If a model has low a posteriori probability Pr(mk–1 = i∣ y0:k–1) (denoted as pi in the pseudocode) at the previous time step k – 1, then the algorithm removes it (lines 3-5); hence, models not needed to explain the data seen thus far are not kept in the model set. While prematurely removing a model temporarily degrades the estimator performance, if that model is important, it will simply be added again at a later time step.
| Algorithm 1 Updates the model set at time step k, given the latest measurement and control input. | |
|---|---|
B. Parameters
Threshold for removing models (α).
The parameter α (line 4) determines when to remove a model, based on the a posteriori probability of that particular model best representing the system mode. In our experiments, we use α = 0.01.
Threshold for expanding the model set (β).
The parameter β is used to determine when to expand the model set (line 6), and may in fact vary over time. For example, in our experiments, since we use Kalman filters that assume Gaussian measurement likelihood distributions, we set β to be the likelihood of a measurement that is two standard deviations away from the predicted measurement.
Threshold for adding models (γ).
The parameter γ determines how the algorithm “groups” similarly performing models (line 20). An alternative approach would add only the models i where q-value is above a threshold. In the case where none of the models adequately explain the measurements with respect to this threshold, no models would be added, causing poor performance. Therefore, it is better to add the best models we have relative to one another, rather than with respect to a fixed threshold. In practice, the value of γ depends on the scale of the evaluation function q, and should typically be small.
Number of votes (NV).
The parameter NV determines the number of votes before expanding the model set. This parameter captures a trade-off between robustness (explored experimentally in Sec. V), and computational efficiency, since the number of mode sequences is on the order of NNV.

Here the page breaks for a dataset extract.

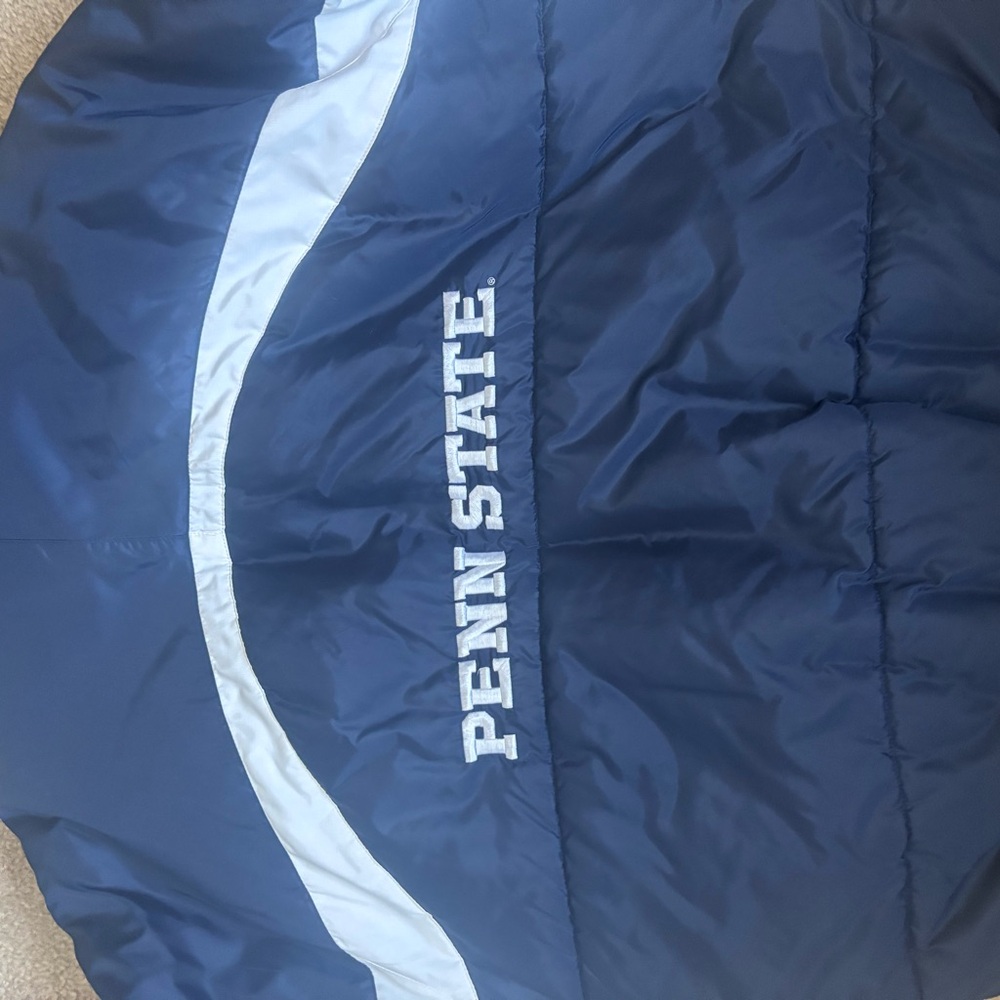 Nike Navy and White Hooded Puffer Jacket with Penn State Logos - Picture 6 of 6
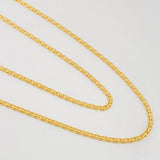 Cadena China 2.8g / 40cm / 1.45mm Oro Amarillo 18K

IV. Performance Evaluation of AMS Estimator
We first evaluate if the AMS estimator enables high estimation accuracy, while decreasing the computational load. We evaluate our estimator on 2 simulated systems: a planar 3 DOF manipulator, and a 6 DOF manipulator, proposed for a future NASA lander mission to Europa [22] (see Fig. 3).
Fig. 3:
NASA 6 DOF Europa lander arm, tracking a position trajectory for the end-effector (the scoop). The actuator on the second joint suffers a temporary 75% degradation. Using the nominal model for controlling the manipulator leads to a trajectory that diverges from the reference, since controller is unable to compensate for the degradation.
Simulated Behavior.
Each experiment is 3.1 s long, with a time step of 0.01 s. The system starts in mode nominal, and switches to another modes after 0.75 s, and then switches back to nominal after 1.75 s.
Nominal:
Manipulator is operating normally. We apply a first-order Euler discretization in time to the manipulator equations (see [23]) to derive an equation of the form in Eq. (1). Locked joint: A single joint is completely immobile. Free-swinging joint: All input torque at the free-swinging joint is set to zero. Degraded actuator: The input torque at the degraded actuator is multiplied by a scalar degradation factor in the interval (0, 1). We consider degradation factors of 0.25, 0.50 and 0.75.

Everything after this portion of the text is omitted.